Retrouvé dans les manuscrits sauvés du nazisme et envoyés à Cambridge, cet inédit de Schnitzler est tout à fait emblématique d'une oeuvre brillante que Freud admirait beaucoup, pour cette approche du fantasme et du désir contrarié. Ce court roman de l’auteur de « La Ronde », nous plonge dans la vie des cafés littéraires que fréquentait Schnitzler, avec d’autres grandes plumes. Il met en scène un vieux Monsieur qui jadis commit des poèmes, découverts chez un bouquiniste par un aspirant jeune écrivain. Croyant trouver en cet anonyme du XXème siècle le marche-pied de la gloire, celui-ci lui donne du Cher Maître et le convie à rejoindre son très confidentiel cercle artistique.

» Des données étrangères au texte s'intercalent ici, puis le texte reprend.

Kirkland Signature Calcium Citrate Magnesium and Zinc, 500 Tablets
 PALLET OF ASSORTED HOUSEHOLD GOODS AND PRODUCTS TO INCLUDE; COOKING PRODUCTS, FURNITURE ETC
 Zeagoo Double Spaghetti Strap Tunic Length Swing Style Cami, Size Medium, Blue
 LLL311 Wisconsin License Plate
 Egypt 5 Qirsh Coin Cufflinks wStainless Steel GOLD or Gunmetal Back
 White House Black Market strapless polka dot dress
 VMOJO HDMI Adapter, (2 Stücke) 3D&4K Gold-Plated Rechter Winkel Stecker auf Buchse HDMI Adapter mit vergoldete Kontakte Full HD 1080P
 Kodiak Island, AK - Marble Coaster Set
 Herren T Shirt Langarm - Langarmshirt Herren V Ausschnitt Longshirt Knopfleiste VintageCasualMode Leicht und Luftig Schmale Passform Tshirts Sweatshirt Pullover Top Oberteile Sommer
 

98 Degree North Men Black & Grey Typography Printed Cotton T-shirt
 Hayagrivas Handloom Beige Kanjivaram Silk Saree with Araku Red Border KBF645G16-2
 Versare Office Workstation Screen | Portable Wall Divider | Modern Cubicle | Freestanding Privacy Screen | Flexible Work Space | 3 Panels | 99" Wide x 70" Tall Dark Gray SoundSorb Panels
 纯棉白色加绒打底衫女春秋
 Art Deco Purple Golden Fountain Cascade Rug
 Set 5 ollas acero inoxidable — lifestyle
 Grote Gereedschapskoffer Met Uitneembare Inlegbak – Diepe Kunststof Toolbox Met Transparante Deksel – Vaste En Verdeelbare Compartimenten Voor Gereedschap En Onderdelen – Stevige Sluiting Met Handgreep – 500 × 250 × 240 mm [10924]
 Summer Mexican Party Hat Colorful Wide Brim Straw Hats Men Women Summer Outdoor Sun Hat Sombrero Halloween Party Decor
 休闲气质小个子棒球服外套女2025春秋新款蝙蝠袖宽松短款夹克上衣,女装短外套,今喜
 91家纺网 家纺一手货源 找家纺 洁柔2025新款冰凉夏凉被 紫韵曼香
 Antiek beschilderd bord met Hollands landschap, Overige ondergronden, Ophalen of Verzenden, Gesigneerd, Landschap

Nous sommes dans la Vienne fin de siècle, celle de Klimt, d'Egon Schiele, de Mahler. Il y a là une jeunesse qui trépigne à trouver sa place au sein d'une société bourgeoise qui ne lui en fait aucune. Le vieil homme, qui avait oublié ses poèmes rosit évidemment de plaisir à se voir célébré. Lui, qui a eu une existence de fonctionnaire tranquille, sent soudain monter l'impétueuse nécessité d'être reconnu. Schnitzler écrit-cela alors qu’il est lui-même au début de sa carrière littéraire mais il voit le cynisme, l'égoïsme, la vanité de ceux qui entendent se servir de l'art et non pas le servir. On trouve ici la comédienne ratée, le critique acerbe, l'écrivaillon prétentieux, tous des génies incompris et méprisants. Mais ce ne serait pas Schnitzler si derrière le grotesque il n'y avait ce poignant et légitime besoin d'exister. Et pourtant que nous-dit-il? Par une pirouette finale, qu'il s'adresse peut-être à lui-même, il nous dit peut-être, que le seul vrai talent est celui du vivre lucidement. Là seule, est l’unique, la vraie gloire.
Arthur Schnitzler : Gloire tardive, inédit traduit de l'allemard par Bernard Kreiss, Albin Michel, 2016.